● Data provided
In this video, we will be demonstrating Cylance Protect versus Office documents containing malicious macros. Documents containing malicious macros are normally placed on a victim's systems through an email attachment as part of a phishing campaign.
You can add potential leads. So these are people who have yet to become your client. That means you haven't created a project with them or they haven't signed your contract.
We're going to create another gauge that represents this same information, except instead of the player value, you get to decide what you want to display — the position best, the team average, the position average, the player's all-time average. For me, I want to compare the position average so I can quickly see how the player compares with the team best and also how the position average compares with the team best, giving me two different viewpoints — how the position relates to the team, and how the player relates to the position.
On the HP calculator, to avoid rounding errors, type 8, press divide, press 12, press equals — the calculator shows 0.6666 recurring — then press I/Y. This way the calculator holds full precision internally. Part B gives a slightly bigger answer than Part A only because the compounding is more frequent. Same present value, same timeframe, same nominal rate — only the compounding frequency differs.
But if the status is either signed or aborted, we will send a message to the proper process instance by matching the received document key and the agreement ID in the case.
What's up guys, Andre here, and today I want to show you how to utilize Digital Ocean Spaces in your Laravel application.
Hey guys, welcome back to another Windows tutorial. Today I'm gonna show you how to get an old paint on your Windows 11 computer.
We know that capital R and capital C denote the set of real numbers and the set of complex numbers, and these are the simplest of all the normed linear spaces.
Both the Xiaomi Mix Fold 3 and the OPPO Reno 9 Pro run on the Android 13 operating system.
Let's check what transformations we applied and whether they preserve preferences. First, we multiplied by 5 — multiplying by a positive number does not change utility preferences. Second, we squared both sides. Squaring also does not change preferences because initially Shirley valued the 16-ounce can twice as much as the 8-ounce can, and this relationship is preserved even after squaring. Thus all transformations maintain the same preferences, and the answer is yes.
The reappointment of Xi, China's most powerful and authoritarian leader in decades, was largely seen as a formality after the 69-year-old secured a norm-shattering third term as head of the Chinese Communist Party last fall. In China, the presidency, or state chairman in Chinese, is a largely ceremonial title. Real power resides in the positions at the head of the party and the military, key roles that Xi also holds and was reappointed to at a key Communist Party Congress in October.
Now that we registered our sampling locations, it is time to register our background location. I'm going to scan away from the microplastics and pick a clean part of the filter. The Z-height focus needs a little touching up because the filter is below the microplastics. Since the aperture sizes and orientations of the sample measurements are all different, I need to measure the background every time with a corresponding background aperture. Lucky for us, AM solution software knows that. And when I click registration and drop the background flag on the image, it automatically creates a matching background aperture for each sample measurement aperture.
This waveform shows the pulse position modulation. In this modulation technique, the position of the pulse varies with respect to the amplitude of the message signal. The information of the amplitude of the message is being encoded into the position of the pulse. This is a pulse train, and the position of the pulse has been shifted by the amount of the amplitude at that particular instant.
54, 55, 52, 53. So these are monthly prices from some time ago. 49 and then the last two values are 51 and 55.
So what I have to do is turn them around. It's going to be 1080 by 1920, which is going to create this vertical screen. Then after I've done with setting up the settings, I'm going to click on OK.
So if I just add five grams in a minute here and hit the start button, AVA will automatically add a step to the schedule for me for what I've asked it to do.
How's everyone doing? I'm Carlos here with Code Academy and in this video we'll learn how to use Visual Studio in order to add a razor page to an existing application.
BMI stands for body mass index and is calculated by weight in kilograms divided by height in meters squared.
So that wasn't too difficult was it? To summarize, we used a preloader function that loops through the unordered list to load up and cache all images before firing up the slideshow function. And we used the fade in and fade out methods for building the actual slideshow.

● Task statement
Which lines of the listing include the string "here"? Pull them out.

● Completed task
What's up guys, Andre here, and today I want to show you how to utilize Digital Ocean Spaces in your Laravel application.
So if I just add five grams in a minute here and hit the start button, AVA will automatically add a step to the schedule for me for what I've asked it to do.
How's everyone doing? I'm Carlos here with Code Academy and in this video we'll learn how to use Visual Studio in order to add a razor page to an existing application.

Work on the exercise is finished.